Barcelona is a political club. The Catalan mentality is present throughout and is also symbolised in so many players, as was the case when I was there in the early 2000s when you had the likes of Pep Guardiola, Luis Enrique and Albert Ferrer. They were the symbol of the club.

Every decision you make on and off the pitch – most of the time its influenced by politics. It’s said so often: this is more than a club, més que un club. This is the slogan and the philosophy of the team. When you sign for them you know this, on top of knowing that it’s one of the world’s biggest clubs.
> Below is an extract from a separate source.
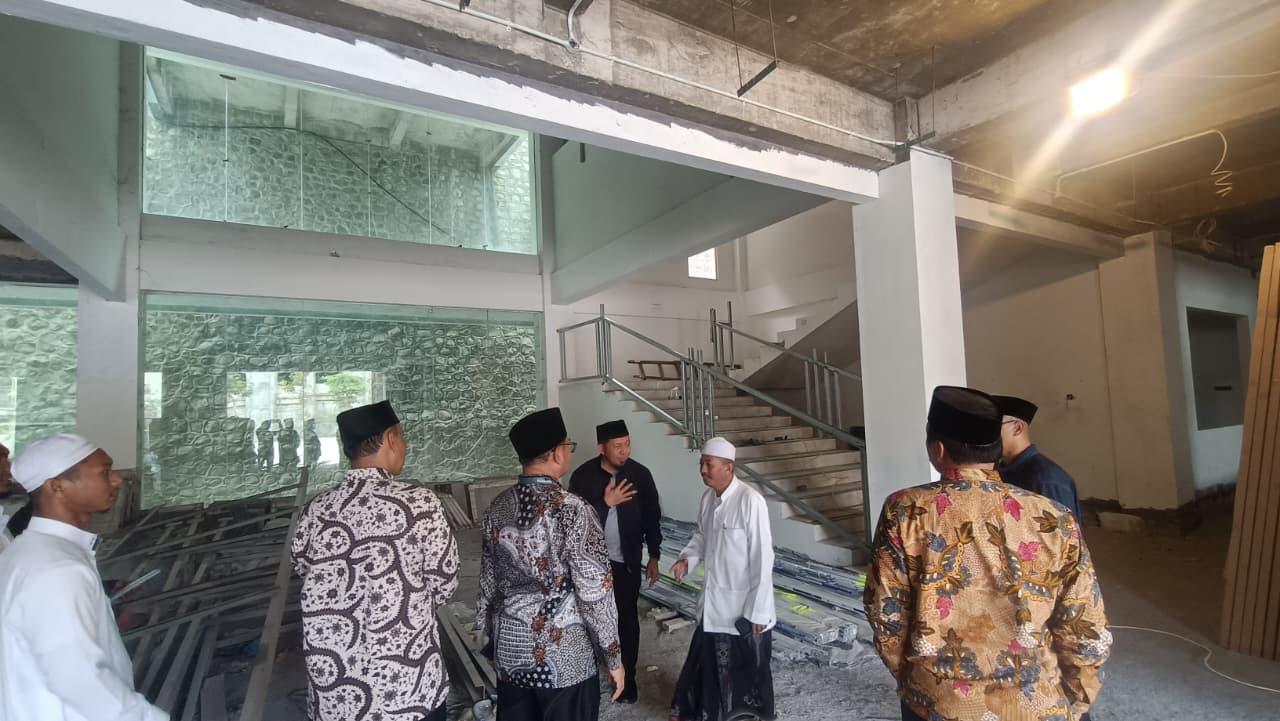 Tim Kemenag tinjau Pesantern Syekh Abdul Qadir Jailani, Situbondo (SinPo.id/Kemenag)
They are proud of this mentality but it can sometimes be difficult to understand and if you add in pressure from fans and the press, things can become very tough for players. I felt it when I was there. As soon as I signed, they told me: “You should speak Catalan instead of Castilian.”

I found it more difficult to adapt there than I did in England.

Emmanuel Petit

Something’s gotta give

With the Eric Abidal and Lionel Messi situation, I think it all depends on what happens in the next transfer window. Many players were disappointed with the previous summer’s activity, with so many players rumoured to come in who never came, Neymar being one example.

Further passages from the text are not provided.